* Goal of the exercise
Set down exactly the stretch of lines below that opens at the line containing "Graphic about the" and continues through the last line of the entries, and nothing else.

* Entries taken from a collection

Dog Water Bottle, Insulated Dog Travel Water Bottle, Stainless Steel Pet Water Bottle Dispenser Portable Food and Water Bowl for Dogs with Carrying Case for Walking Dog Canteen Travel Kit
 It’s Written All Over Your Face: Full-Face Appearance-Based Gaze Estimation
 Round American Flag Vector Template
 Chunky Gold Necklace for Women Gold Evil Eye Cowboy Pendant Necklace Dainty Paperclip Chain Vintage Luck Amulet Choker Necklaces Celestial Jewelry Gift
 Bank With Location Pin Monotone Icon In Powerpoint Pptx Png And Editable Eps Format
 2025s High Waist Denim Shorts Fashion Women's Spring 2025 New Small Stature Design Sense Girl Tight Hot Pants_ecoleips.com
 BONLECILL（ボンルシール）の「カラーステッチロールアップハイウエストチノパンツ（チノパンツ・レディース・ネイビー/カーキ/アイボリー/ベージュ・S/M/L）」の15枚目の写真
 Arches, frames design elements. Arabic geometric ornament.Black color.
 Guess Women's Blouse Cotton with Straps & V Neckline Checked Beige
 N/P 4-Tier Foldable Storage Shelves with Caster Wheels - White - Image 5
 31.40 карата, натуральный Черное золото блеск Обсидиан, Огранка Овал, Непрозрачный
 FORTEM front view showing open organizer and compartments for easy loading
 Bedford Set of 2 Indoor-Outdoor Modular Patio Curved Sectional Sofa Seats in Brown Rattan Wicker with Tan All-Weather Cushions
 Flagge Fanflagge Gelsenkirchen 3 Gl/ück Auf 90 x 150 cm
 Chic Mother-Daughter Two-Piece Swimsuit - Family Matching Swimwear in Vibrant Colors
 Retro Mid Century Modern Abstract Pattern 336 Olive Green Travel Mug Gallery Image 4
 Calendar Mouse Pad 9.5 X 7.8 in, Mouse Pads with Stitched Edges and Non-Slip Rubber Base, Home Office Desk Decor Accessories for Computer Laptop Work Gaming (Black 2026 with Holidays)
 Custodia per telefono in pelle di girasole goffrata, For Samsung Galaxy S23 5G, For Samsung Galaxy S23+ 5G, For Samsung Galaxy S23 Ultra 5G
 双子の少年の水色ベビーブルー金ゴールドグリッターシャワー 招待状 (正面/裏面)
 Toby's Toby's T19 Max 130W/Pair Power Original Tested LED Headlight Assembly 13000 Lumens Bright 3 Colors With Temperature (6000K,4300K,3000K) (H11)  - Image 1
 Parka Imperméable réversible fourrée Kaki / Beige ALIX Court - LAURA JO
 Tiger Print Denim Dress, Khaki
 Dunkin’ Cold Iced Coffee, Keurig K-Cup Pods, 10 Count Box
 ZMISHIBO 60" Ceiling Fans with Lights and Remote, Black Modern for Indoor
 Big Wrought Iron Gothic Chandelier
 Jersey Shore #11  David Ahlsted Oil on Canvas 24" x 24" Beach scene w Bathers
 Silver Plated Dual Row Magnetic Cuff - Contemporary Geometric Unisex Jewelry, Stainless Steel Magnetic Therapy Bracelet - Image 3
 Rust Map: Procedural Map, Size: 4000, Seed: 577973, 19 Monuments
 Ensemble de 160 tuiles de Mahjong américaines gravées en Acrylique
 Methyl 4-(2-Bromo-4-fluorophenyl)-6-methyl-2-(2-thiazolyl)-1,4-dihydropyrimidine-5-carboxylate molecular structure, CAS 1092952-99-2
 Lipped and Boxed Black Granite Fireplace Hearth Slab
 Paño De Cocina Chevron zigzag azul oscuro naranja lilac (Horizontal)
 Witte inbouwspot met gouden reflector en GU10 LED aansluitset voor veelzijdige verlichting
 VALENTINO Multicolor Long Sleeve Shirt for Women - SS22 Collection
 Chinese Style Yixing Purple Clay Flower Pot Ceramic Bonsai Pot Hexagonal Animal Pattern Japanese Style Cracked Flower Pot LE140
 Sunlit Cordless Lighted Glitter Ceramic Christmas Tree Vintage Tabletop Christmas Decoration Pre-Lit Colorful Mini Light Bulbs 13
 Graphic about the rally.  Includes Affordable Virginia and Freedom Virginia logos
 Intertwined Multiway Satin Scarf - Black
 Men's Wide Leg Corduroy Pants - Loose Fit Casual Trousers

* Answer to this problem
 Graphic about the rally.  Includes Affordable Virginia and Freedom Virginia logos
 Intertwined Multiway Satin Scarf - Black
 Men's Wide Leg Corduroy Pants - Loose Fit Casual Trousers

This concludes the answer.